How best to parse a simple grammar?

2019-01-21 06:24发布

问题:

Ok, so I've asked a bunch of smaller questions about this project, but I still don't have much confidence in the designs I'm coming up with, so I'm going to ask a question on a broader scale.

I am parsing pre-requisite descriptions for a course catalog. The descriptions almost always follow a certain form, which makes me think I can parse most of them.

From the text, I would like to generate a graph of course pre-requisite relationships. (That part will be easy, after I have parsed the data.)

Some sample inputs and outputs:

"CS 2110" => ("CS", 2110) # 0

"CS 2110 and INFO 3300" => [("CS", 2110), ("INFO", 3300)] # 1
"CS 2110, INFO 3300" => [("CS", 2110), ("INFO", 3300)] # 1
"CS 2110, 3300, 3140" => [("CS", 2110), ("CS", 3300), ("CS", 3140)] # 1

"CS 2110 or INFO 3300" => [[("CS", 2110)], [("INFO", 3300)]] # 2

"MATH 2210, 2230, 2310, or 2940" => [[("MATH", 2210), ("MATH", 2230), ("MATH", 2310)], [("MATH", 2940)]] # 3  
  1. If the entire description is just a course, it is output directly.

  2. If the courses are conjoined ("and"), they are all output in the same list

  3. If the course are disjoined ("or"), they are in separate lists

  4. Here, we have both "and" and "or".

One caveat that makes it easier: it appears that the nesting of "and"/"or" phrases is never greater than as shown in example 3.

What is the best way to do this? I started with PLY, but I couldn't figure out how to resolve the reduce/reduce conflicts. The advantage of PLY is that it's easy to manipulate what each parse rule generates:

def p_course(p):
 'course : DEPT_CODE COURSE_NUMBER'
 p[0] = (p[1], int(p[2]))

With PyParse, it's less clear how to modify the output of parseString(). I was considering building upon @Alex Martelli's idea of keeping state in an object and building up the output from that, but I'm not sure exactly how that is best done.

 def addCourse(self, str, location, tokens):
  self.result.append((tokens[0][0], tokens[0][1]))

 def makeCourseList(self, str, location, tokens):

  dept = tokens[0][0]
  new_tokens = [(dept, tokens[0][1])]
  new_tokens.extend((dept, tok) for tok in tokens[1:])

  self.result.append(new_tokens)

For instance, to handle "or" cases:

    def __init__(self):
            self.result = []
            # ...
  self.statement = (course_data + Optional(OR_CONJ + course_data)).setParseAction(self.disjunctionCourses)

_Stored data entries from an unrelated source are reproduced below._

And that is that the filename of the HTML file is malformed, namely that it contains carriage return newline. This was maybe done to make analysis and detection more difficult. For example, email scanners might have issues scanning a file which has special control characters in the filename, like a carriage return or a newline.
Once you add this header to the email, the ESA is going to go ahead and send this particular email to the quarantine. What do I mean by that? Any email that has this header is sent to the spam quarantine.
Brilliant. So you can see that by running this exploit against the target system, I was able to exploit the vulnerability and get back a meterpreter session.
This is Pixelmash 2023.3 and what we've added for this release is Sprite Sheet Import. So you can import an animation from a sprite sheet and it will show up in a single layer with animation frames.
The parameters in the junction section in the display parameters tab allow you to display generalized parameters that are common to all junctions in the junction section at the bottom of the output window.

 def disjunctionCourses(self, str, location, tokens):
  if len(tokens) == 1:
   return tokens

  print "disjunction tokens: %s" % tokens

How does disjunctionCourses() know which smaller phrases to disjoin? All it gets is tokens, but what's been parsed so far is stored in result, so how can the function tell which data in result corresponds to which elements of token? I guess I could search through the tokens, then find an element of result with the same data, but that feel convoluted...

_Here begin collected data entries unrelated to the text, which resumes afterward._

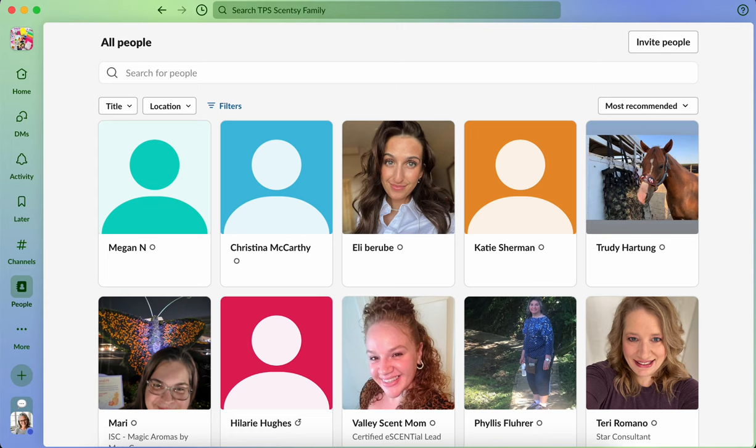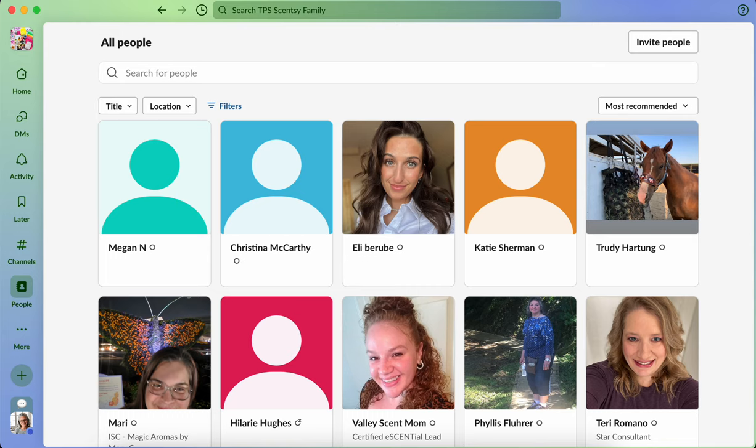Another cool feature that Slack offers is something called huddle. And huddle, in my description, is very similar to a messenger video or FaceTime where you have a one-to-one conversation with somebody.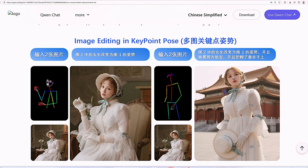Now let's look at image editing using keypoint pose — basically pose transfer. We have a stick figure as our pose reference, and the AI makes the girl copy that exact pose. On the left, the prompt says: the girl in Image 2 changes to the pose of Image 1. On the right, it gets more complex: the girl in Image 2 changes to the pose of Image 1, the background is changed to the Forbidden City, and she holds the hat in her hand.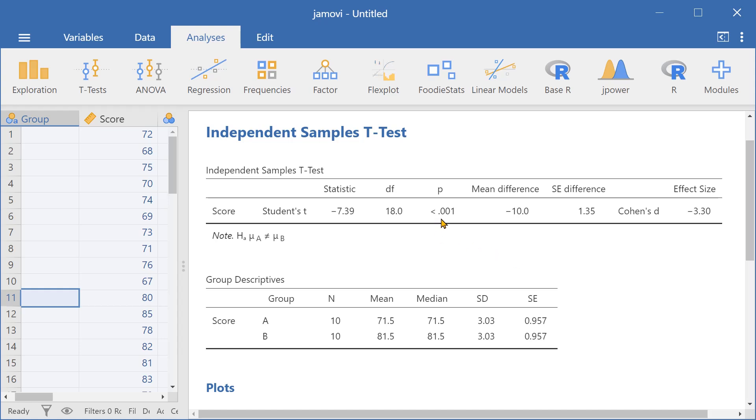And here the p-value indicates that there is a significant difference between the test scores of group A and group B.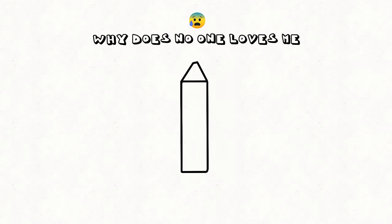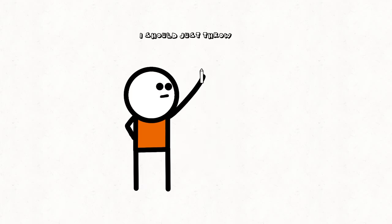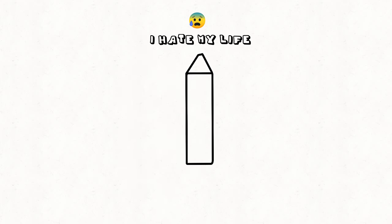Why does no one love me? Maybe one day he'll use you. I should just throw the white crayon away. Wait, what? I never use it. I'm so useless.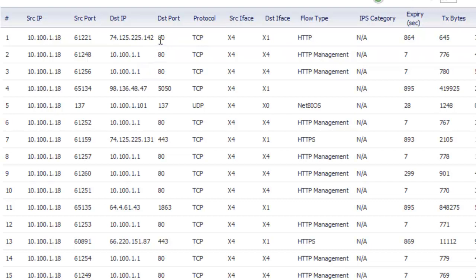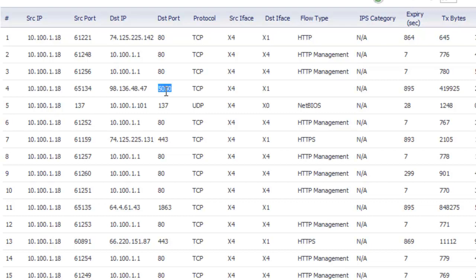If you scroll through the list you'll see, in this case for example, we have a connection going outbound to some public IP address on port 5050. I have no idea what that is and the reason why this is being allowed is simply because I have the firewall policy for LAN to WAN with the default any, any, allow all. That's a very bad situation to have your firewall policy in because you get strange connections that go out to unique ports that you have no idea what's going on.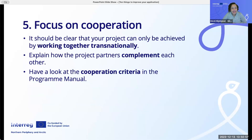Number five: focus on cooperation. It should be clear that your project can only be achieved by working together transnationally. Explain how the project partners complement each other. Have a look at the cooperation criteria in the program manual.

Also, there are many descriptions that include misc text, like:

"CS 2110 or permission of instructor"
"INFO 3140 or equivalent experience"
"PYSCH 2210 and sophomore standing"

But it isn't critical that I parse that text.

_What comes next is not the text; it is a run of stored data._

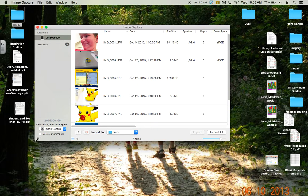If we want to delete anything that we import onto our computer, we can check this box. But if we want the student to still have the video, we can keep it unchecked.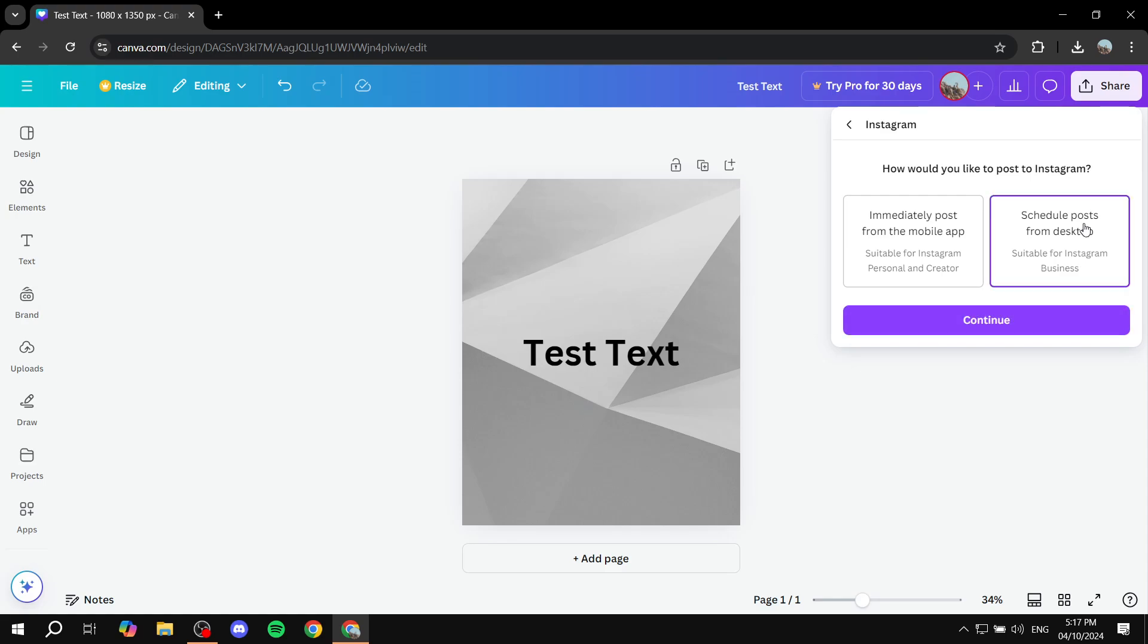The other option is schedule posts from desktop suitable for Instagram business. Now, here's the thing that I forgot to mention. I'm sorry I did not mention this earlier. You are actually required to have Instagram business for this to work. So make sure that your Instagram does have the Instagram business in order for this to work.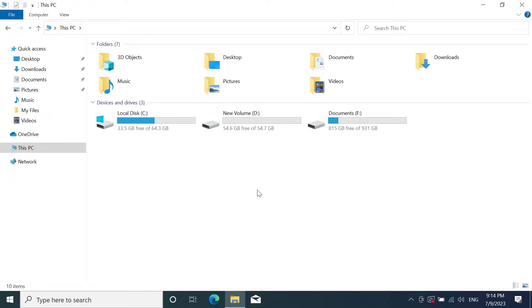Hello everyone, welcome to TechLeport channel and in today's video I'm going to show you how to merge C drive and D drive together in your Windows 10 or 11 computer. Basically using this method you can merge any drives together.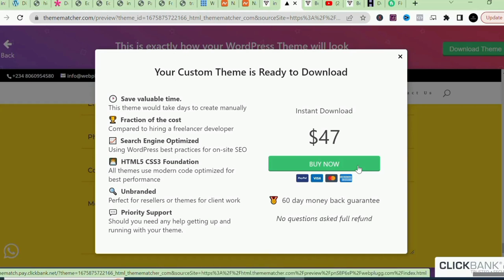Once you click 'Buy Now' you'll be able to get the theme and use it multiple times or share it with others. This is how to convert your website into a WordPress theme. Like and share this video so it gets seen by more people. I'll see you in the next video — thank you for staying to the end.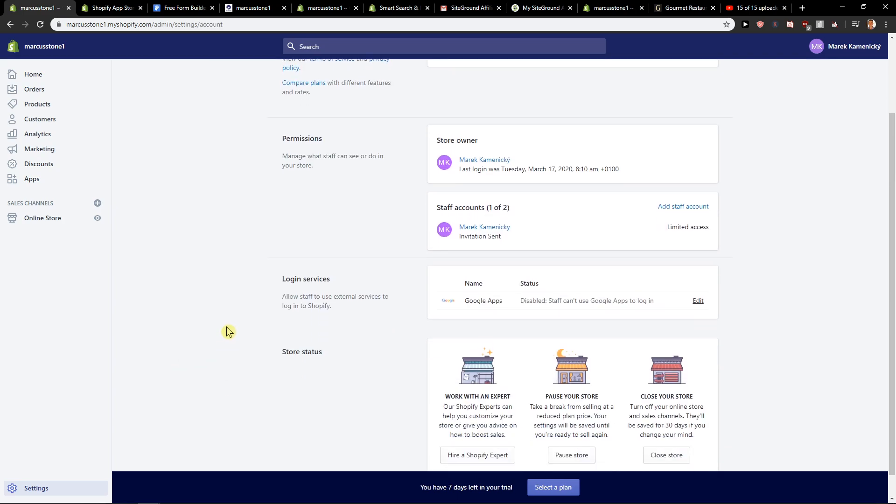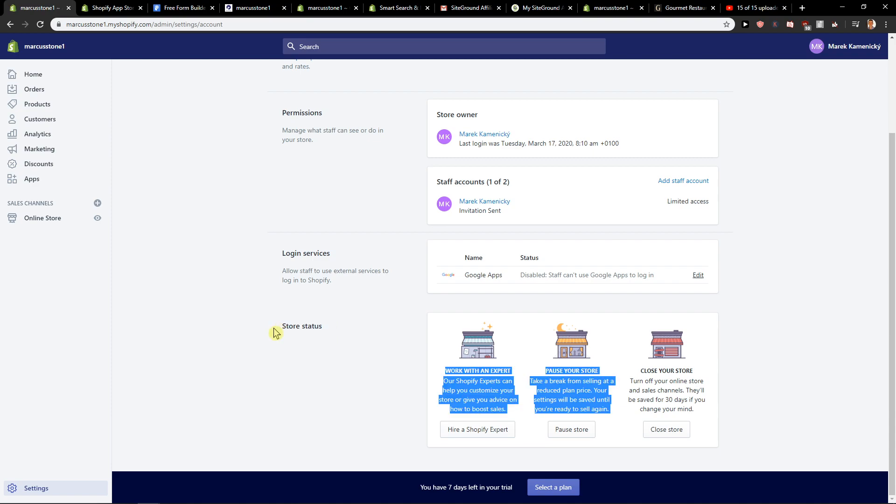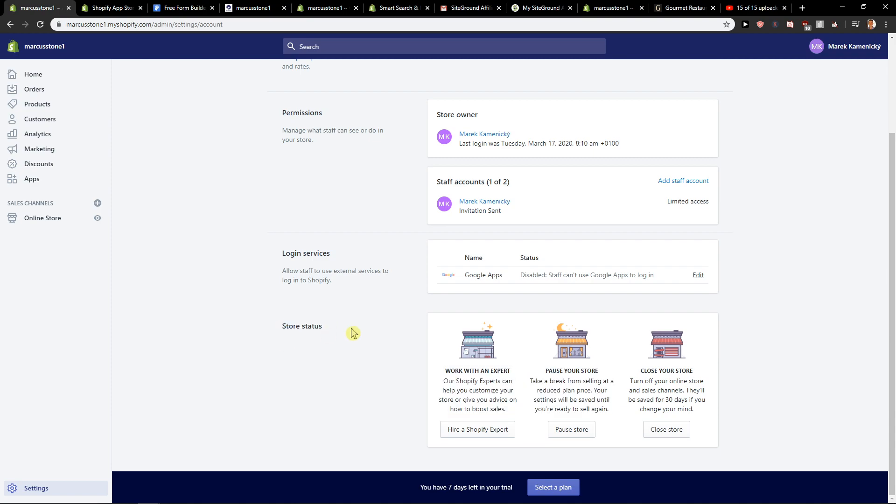And when you are here on plan and permissions, you want to click here on store status, and now all you want to do is click here on close your store.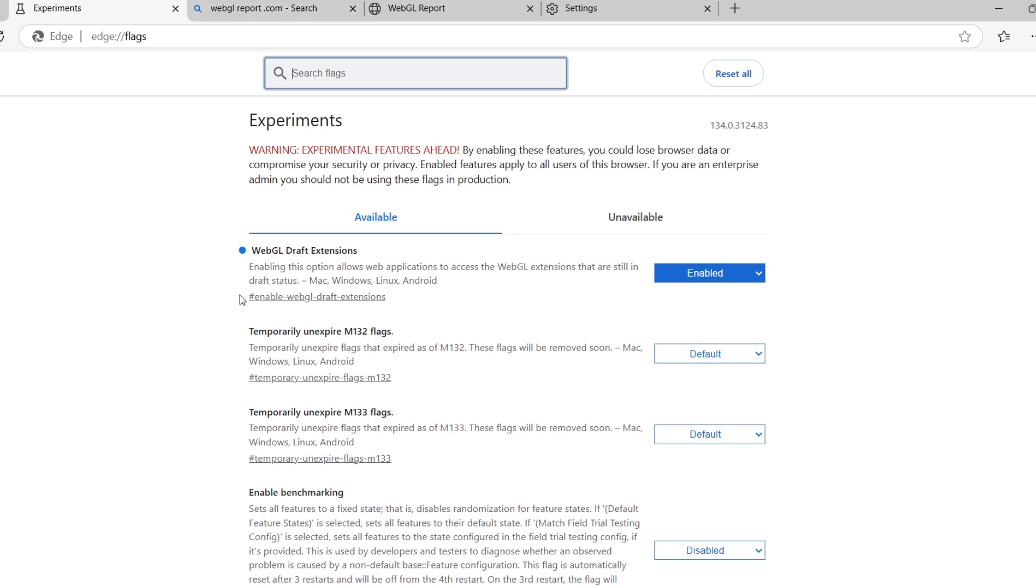That's it. You've successfully enabled WebGL 2.0 on Microsoft Edge. Now you can enjoy smoother web graphics and improved performance for games and interactive content.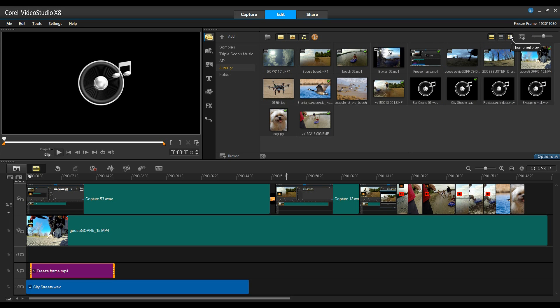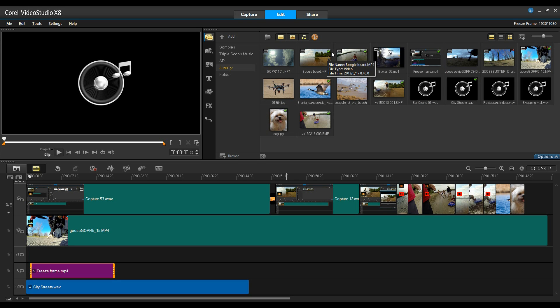Back in my thumbnail view, any clip that I have added to my timeline will now have a small check mark in the upper right hand corner.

What's a better way to approach this problem?

回答1:

def parse(astr):
    astr=astr.replace(',','')
    astr=astr.replace('and','')    
    tokens=astr.split()
    dept=None
    number=None
    result=[]
    option=[]
    for tok in tokens:
        if tok=='or':
            result.append(option)
            option=[]
            continue
        if tok.isalpha():
            dept=tok
            number=None
        else:
            number=int(tok)
        if dept and number:
            option.append((dept,number))
    else:
        if option:
            result.append(option)
    return result

if __name__=='__main__':
    tests=[ ("CS 2110" , [[("CS", 2110)]]),
            ("CS 2110 and INFO 3300" , [[("CS", 2110), ("INFO", 3300)]]),
            ("CS 2110, INFO 3300" , [[("CS", 2110), ("INFO", 3300)]]),
            ("CS 2110, 3300, 3140", [[("CS", 2110), ("CS", 3300), ("CS", 3140)]]),
            ("CS 2110 or INFO 3300", [[("CS", 2110)], [("INFO", 3300)]]),
            ("MATH 2210, 2230, 2310, or 2940", [[("MATH", 2210), ("MATH", 2230), ("MATH", 2310)], [("MATH", 2940)]])]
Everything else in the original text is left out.